The Word And The Void By Terry Brooks

TERRY BROOKS NOVEL series “The Word And The Void” is a trilogy telling the story of Nest Freemark and John Ross fighting the battle against evil daemons. He is not an author I’ve read anything off before, nor is the urban fantasy my favorite genre, but when I by chance discovered this trilogy collection book, I found it to look very interesting. Now I’m finished reading the three books and its was not an all positive experience.

First a short resume of the novels: Each of the three books takes places in different times in Nests and Johns life. The first book “Running with the Demon” takes place when Nest is a teenager and joins forces with John Ross to fight on the side of the Word against the daemonic world of the Void. In the second book “A Knight of the Word” John Ross can no longer carry the burden of being a sworn knight of the Word. Denouncing the knighthood is catastrophic for both John and the world, so Nest must take upon her to convince John to return to his duties. The last book is 15 years from the first encounter between Nest and John and this time they must join forces against an old and wise daemon the want the magic gypsy morph John has captured.
Elaborate summaries are available at Wikipedia.

As such the books are an interesting read. It involves dangerous daemons and creatures living in our world but seldom seen by other people that those few who got magic.
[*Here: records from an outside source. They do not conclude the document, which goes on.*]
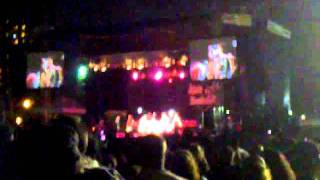 Joan Jett Live in concert in Coney Island &quot;Do You Wanna Touch Me&quot;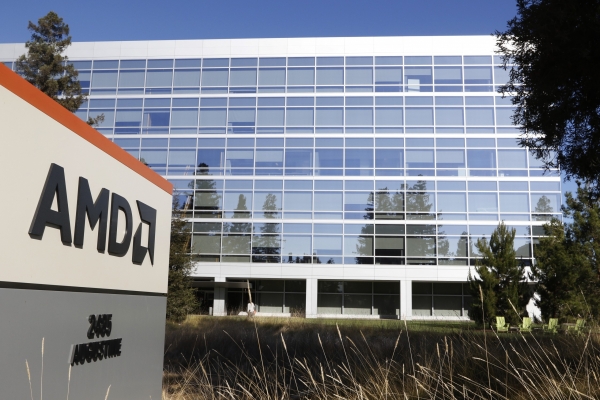 잇따른 신제품 실패와 구조조정 후유증, 부채로 휘청이던 AMD는 리사 수의 CEO 부임 이후 극적인 반등에 성공한다. ⓒAMD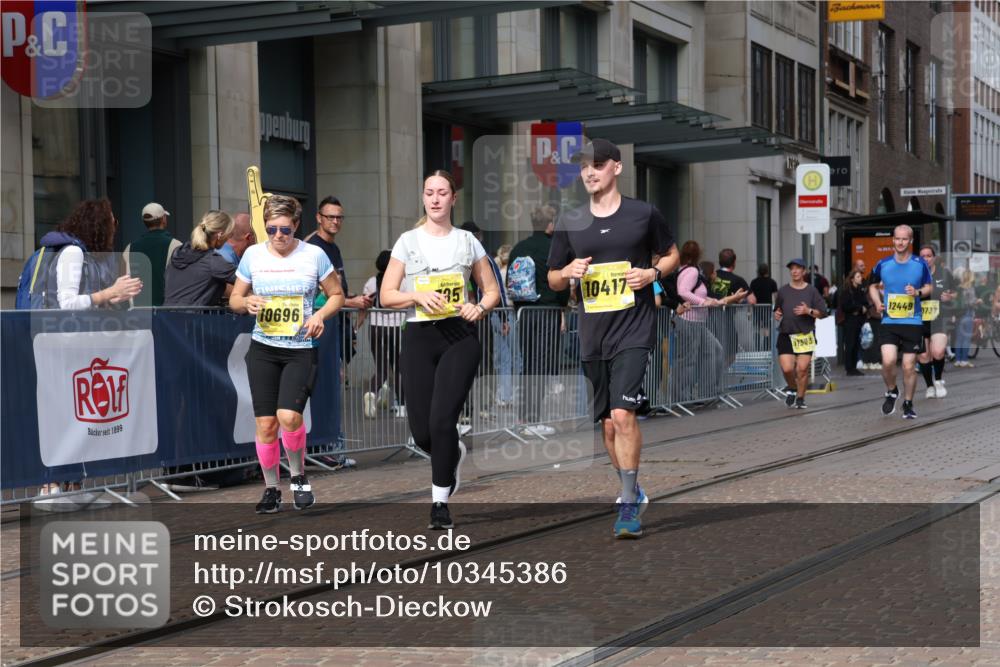 13.09.2026 - 21. swb-Marathon Bremen Strokosch-Dieckow http://msf.ph/oto/10345386 13.09.2026 11:09:30 Ziel 10234, 10386, 10417, 10424, 10435, 10645, 10696, 10712, 10737, 10785, 10990, 10991, 11119, 11192, 11383, 11437, 11441, 11937, 12409, 12449, 10314, 10424, 10556, 10664, 10686, 10694, 10769, 10823, 10981, 10983, 11091, 11192, 11225, 11764, 11882, 11883, 11914, 11915, 11987, 11995, 12155, 12322, 12474, 12491, 12532, 13607 meine-sportfotos.de
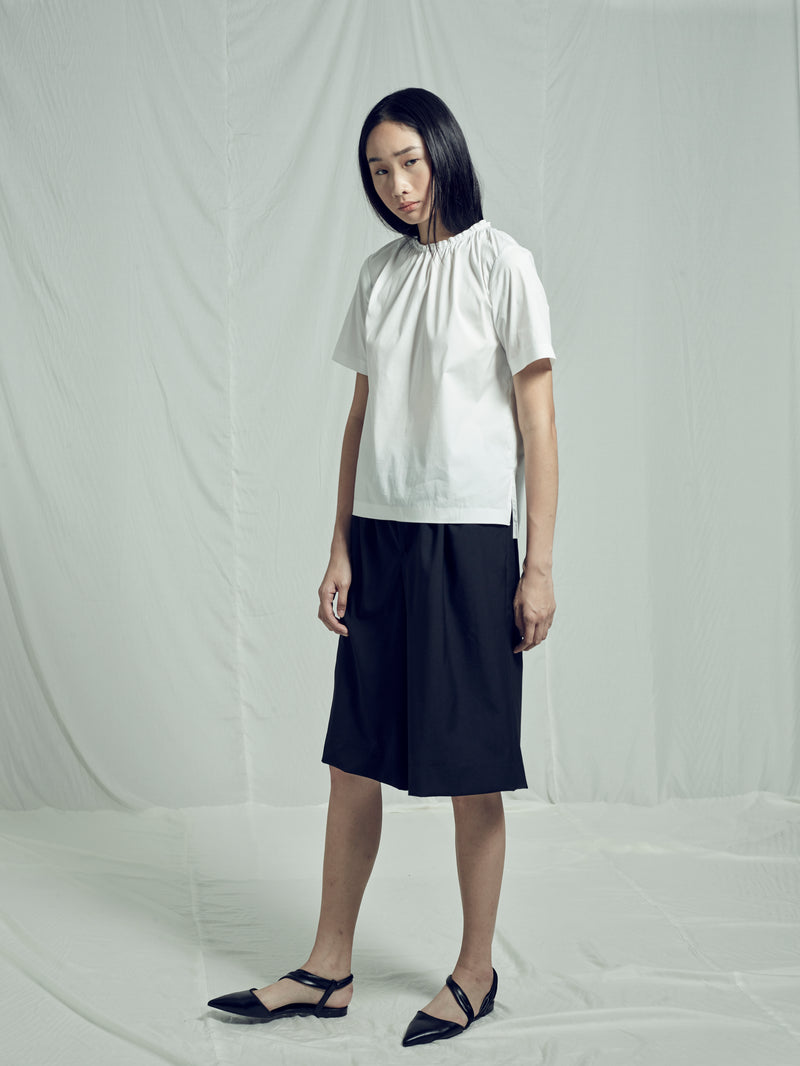01: Unform Gallery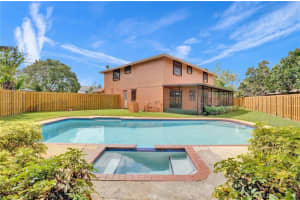 10021 SW 14th St, Pembroke Pines, FL 33025, Sold 04/08/20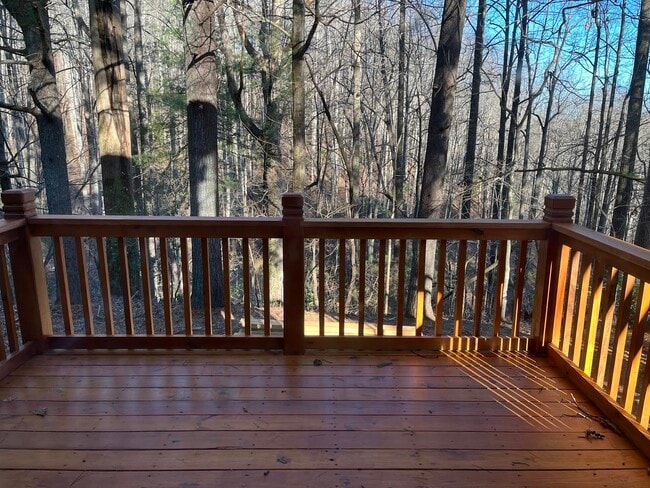 Building Photo - 50B Lakemont Cottage Trail-Lake Life at La...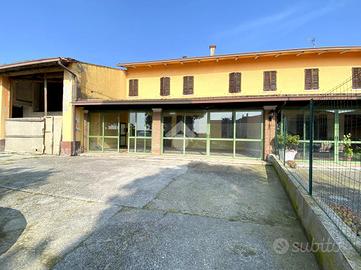 CASA DI CORTE A CASALMORO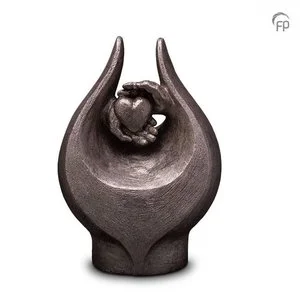 UGKS 030 B Keramische urn zilver Gevoelens Elke Geert Kunen urn is uniek en wordt op bestelling gemaakt. Daarom zit er op deze producten een levertijd van 3 à 4 weken. UGKS 030 B € 459,00 / 3,50 L / H 35 CM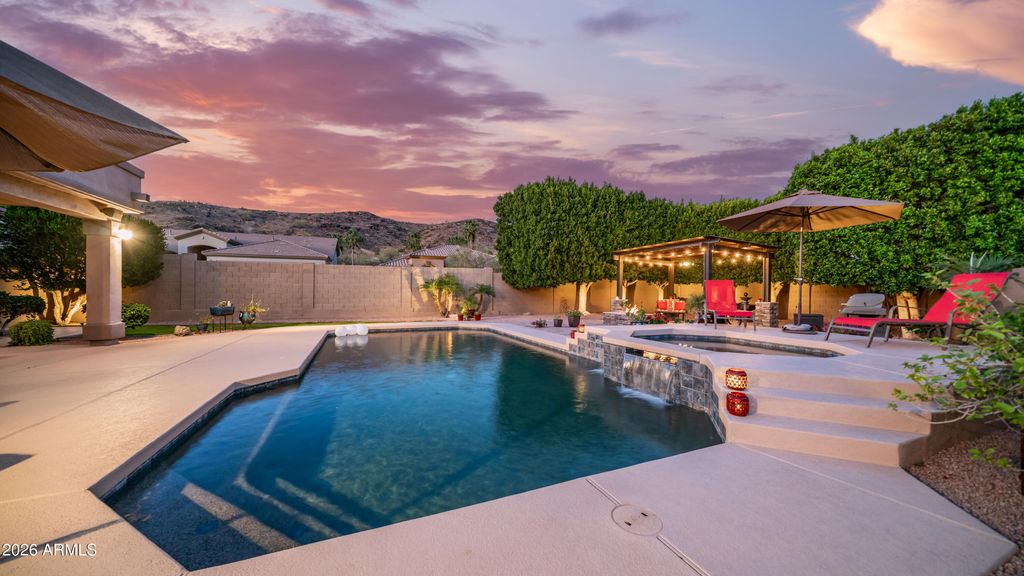 Image 21 of property listing at 15405 S 4th Avenue, Phoenix, AZ 85045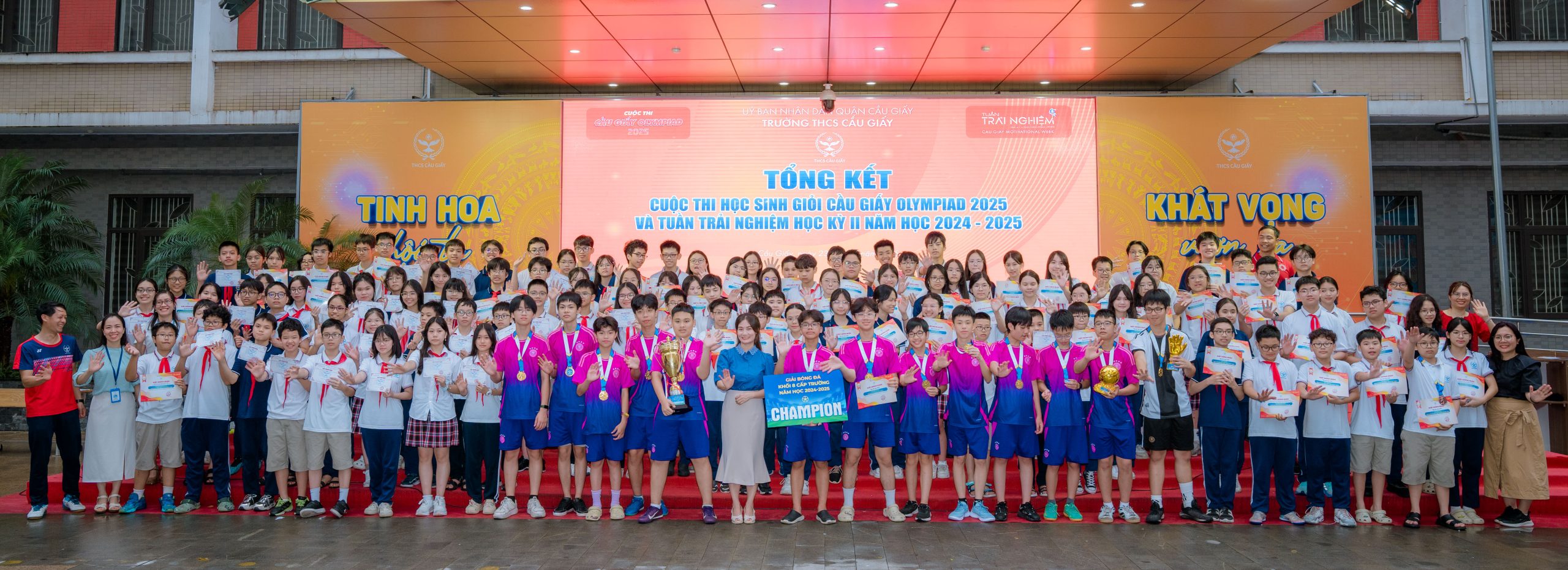 TỰ HÀO CẦU GIẤY – TỎA SÁNG TÀI NĂNG HỌC SINH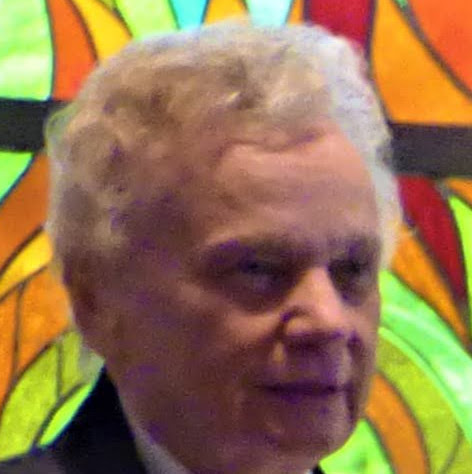 Michele Collins Photo 19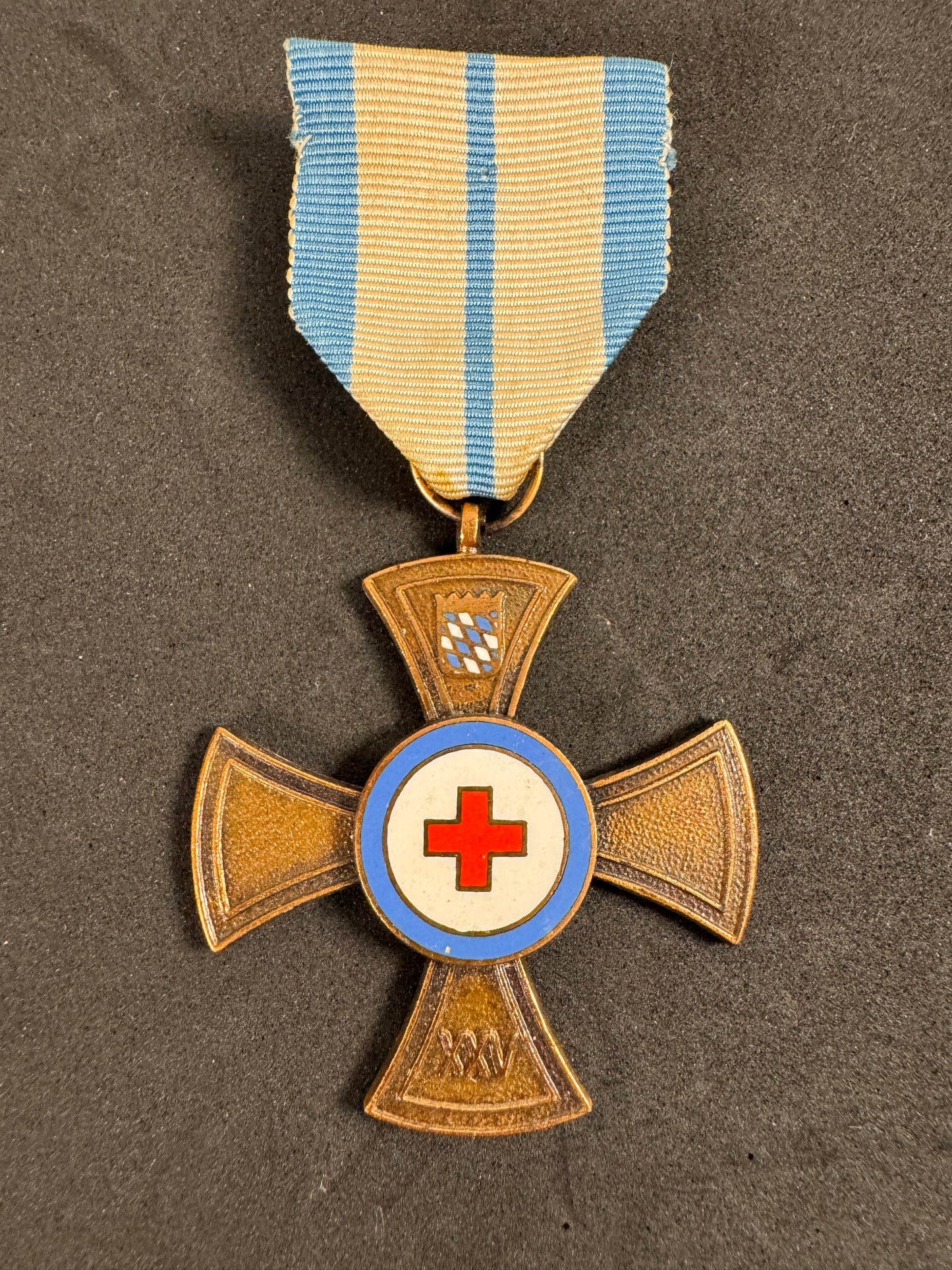 Photo 1 of After WW2 German Bayern Red Cross 25 Year Service Medal - collectible militaria item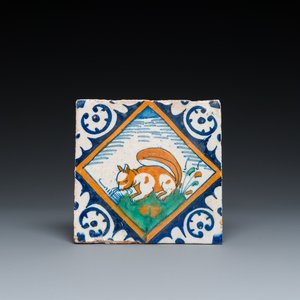 Een polychrome majolica kwadraattegel met een eekhoorn, Nederland, ca. 1600 — foto 1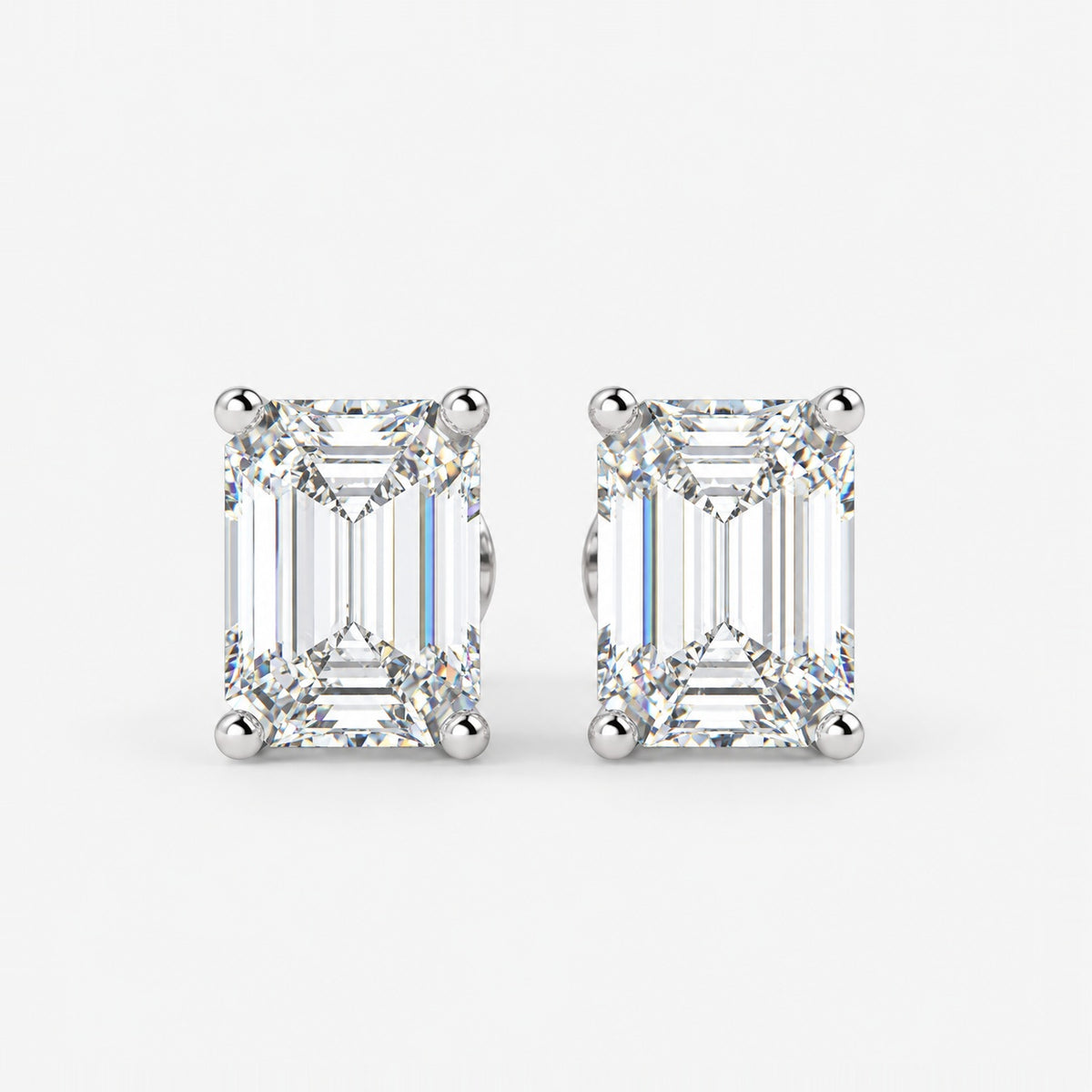 GIA Certified 2.00Ct E-F/VVS2 Emerald Diamonds Stud Earring In Platinum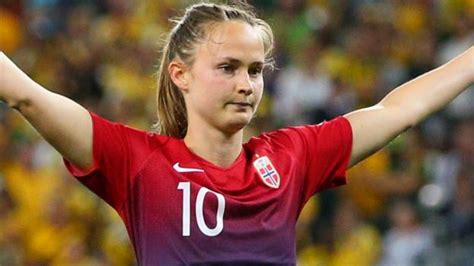 Caroline Graham Hansen: The Norway star who could wreck England's World ...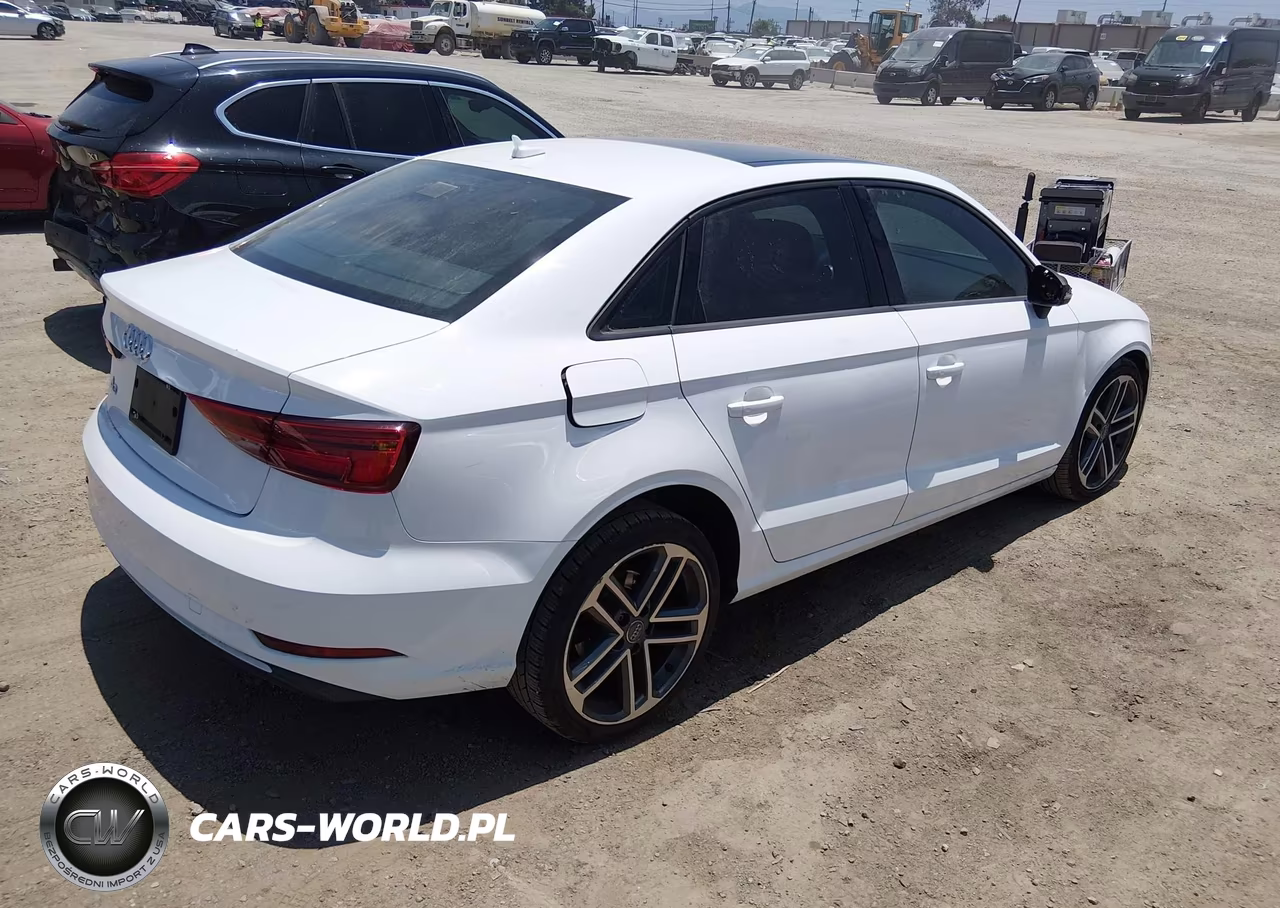 2017 Audi A3 Premium VIN:WAUAUGFF2H1055422 - 4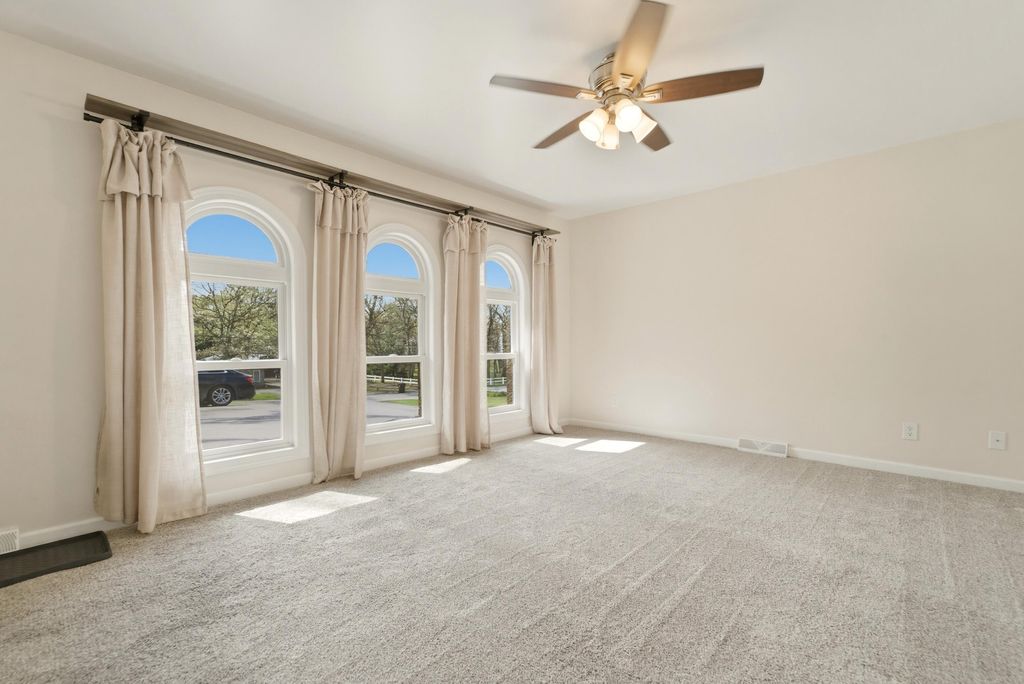 Photo of 11917 N 470 E #6, DeMotte, IN 46310 (MLS # 838259)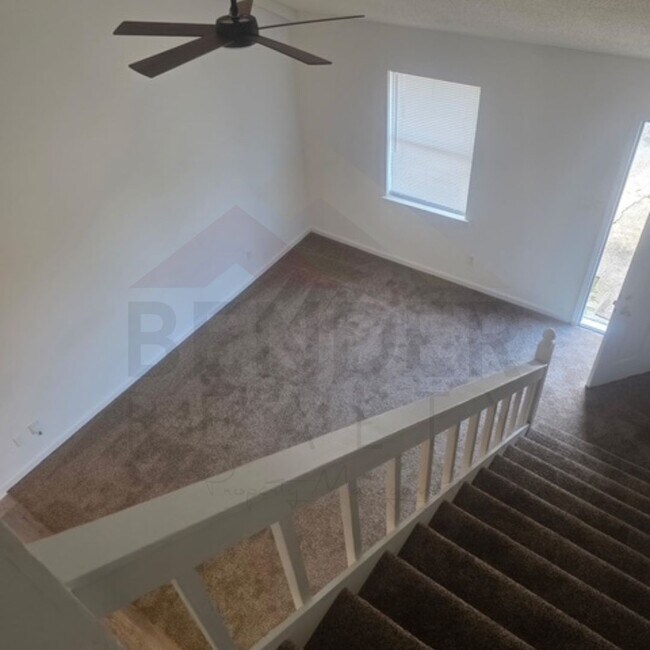 Building Photo - 3309/3311 Steeple Circle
It has the classic clash of outnumbered good-guys fighting the casualty filled battle against an relentless and evil enemy. But, when reading the trilogy I could not help thinking that the story is a little thin to fill its many pages. Much of the text is in-between filler stuff, with many offtrack stories that bring nothing to the general story, plus some very elaborate scene description that makes an annoying long reading in between the next few grains of valuable information or plot actions.

Two distinct features of Terry’s writing struck me time and time again. 1) He really likes to use obscure words. I’m not native English, but I almost always read English/American books in their non-translated editions, and its very seldom that I have to do a dictionary look-up of unknown words or phrases (more often when reading pre-60s books though). Looking-up the words he uses reveals that more contemporary word of the same meaning often exists. 2) He gives a very detailed description of the surrounding in which the characters are staged. Actually he spends line after line after line describing the surroundings, but it is seldom that there is any significance to this in relation to the plot.

After finishing reading the books I cannot help feeling that Terry chose poorly when selecting the main character of focus. Terry mainly writes with respect to the viewpoint of Nest Freemark, and this is a shame because the other character in the books, The Knight Of The Word (John Ross), makes for so much more an interesting character. Terry missed the opportunity of writing the story of the lone knight. A knight that didn’t really wanted to be a knight due to the high personal cost, but whom had to continue his quest in order to save the world. And save it two fold by fighting daemons in the daytime, and surviving a nighttime when the price of his magics costs him to live the night in a future where he had failed to save the world from the Void.